(Items from a data source)

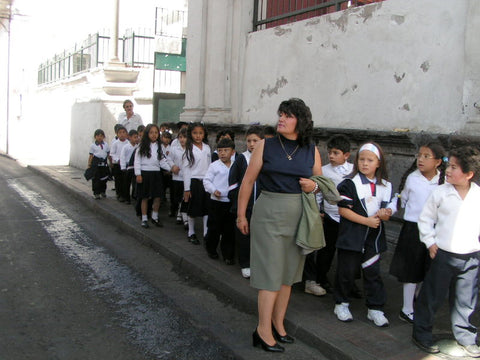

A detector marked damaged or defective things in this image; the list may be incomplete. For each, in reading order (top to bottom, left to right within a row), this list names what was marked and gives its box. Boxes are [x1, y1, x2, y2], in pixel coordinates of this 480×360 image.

peeling plaster wall [240, 0, 472, 134]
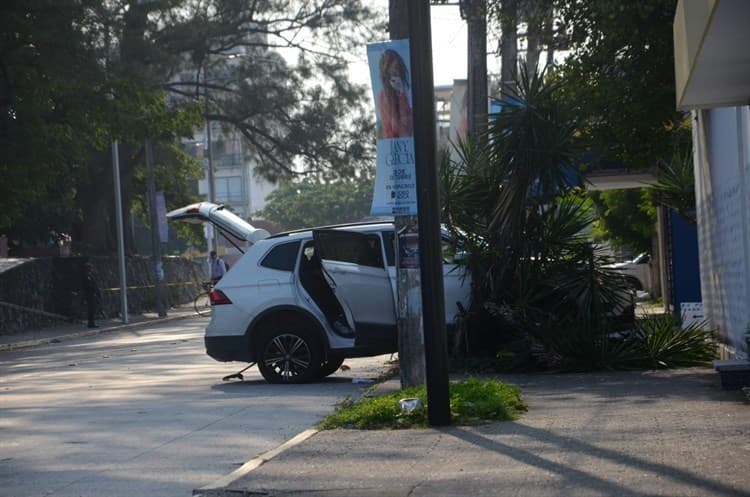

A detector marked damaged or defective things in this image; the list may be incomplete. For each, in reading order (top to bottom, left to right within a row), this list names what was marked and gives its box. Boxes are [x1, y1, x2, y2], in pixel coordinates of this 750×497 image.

crashed vehicle [167, 202, 470, 384]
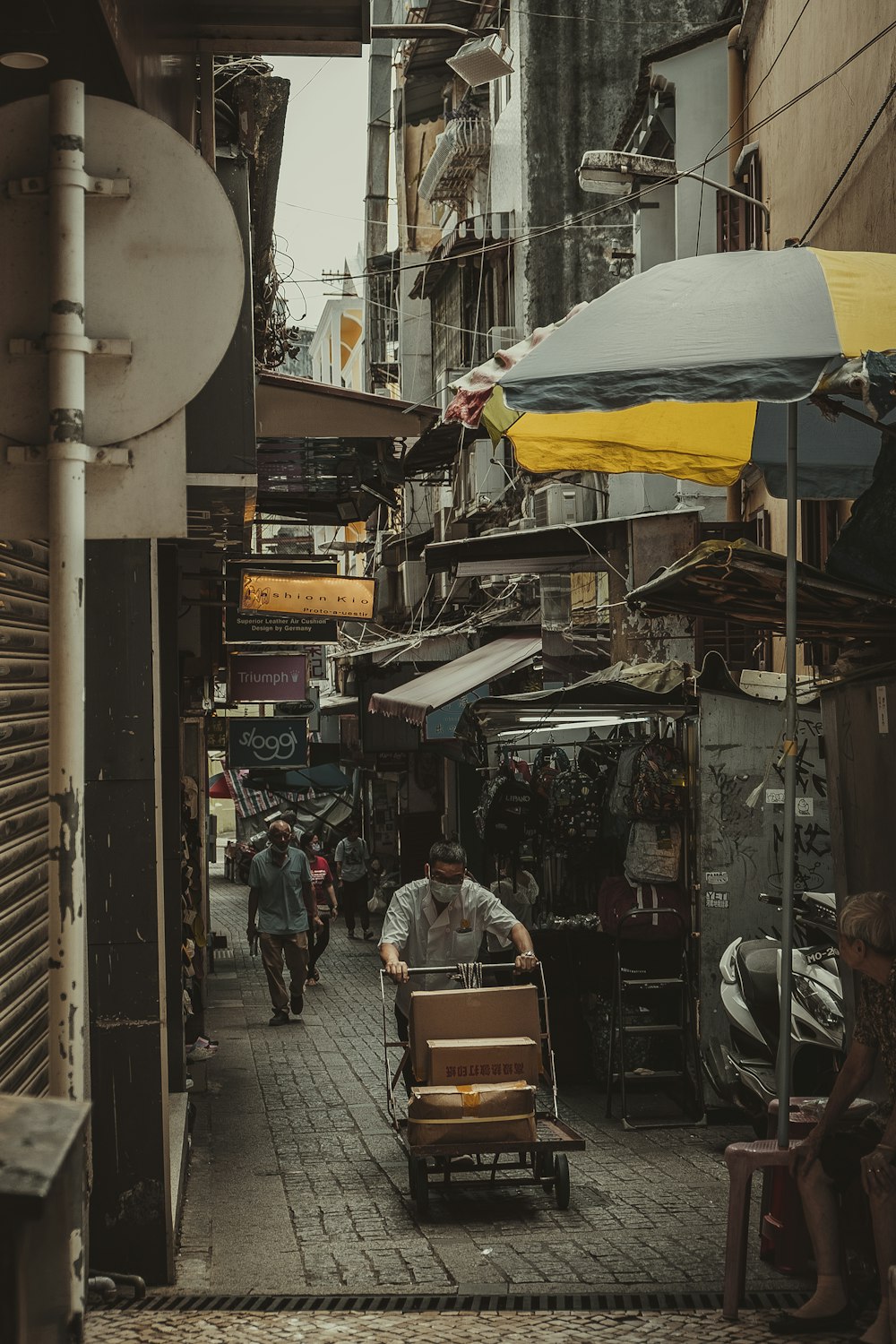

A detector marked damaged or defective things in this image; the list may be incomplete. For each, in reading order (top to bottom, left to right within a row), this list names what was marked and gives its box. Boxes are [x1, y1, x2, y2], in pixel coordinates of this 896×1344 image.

rusty metal shutter [0, 540, 49, 1097]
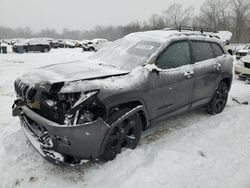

* **DIRECTIONS FOR THIS TASK**
Set down exactly the lines between the line containing "this 896×1344 image." and the end of the records above, both ends included; pictures stay out.

* **WRITTEN REPLY**
A detector marked damaged or defective things in this image; the list may be incomplete. For each, in reading order (top to bottom, left to right within a row), this list names what was marked and gives its box. Boxes are [x1, y1, x2, y2], in pixel coordinates of this 896×1344 image.

rusty metal shutter [0, 540, 49, 1097]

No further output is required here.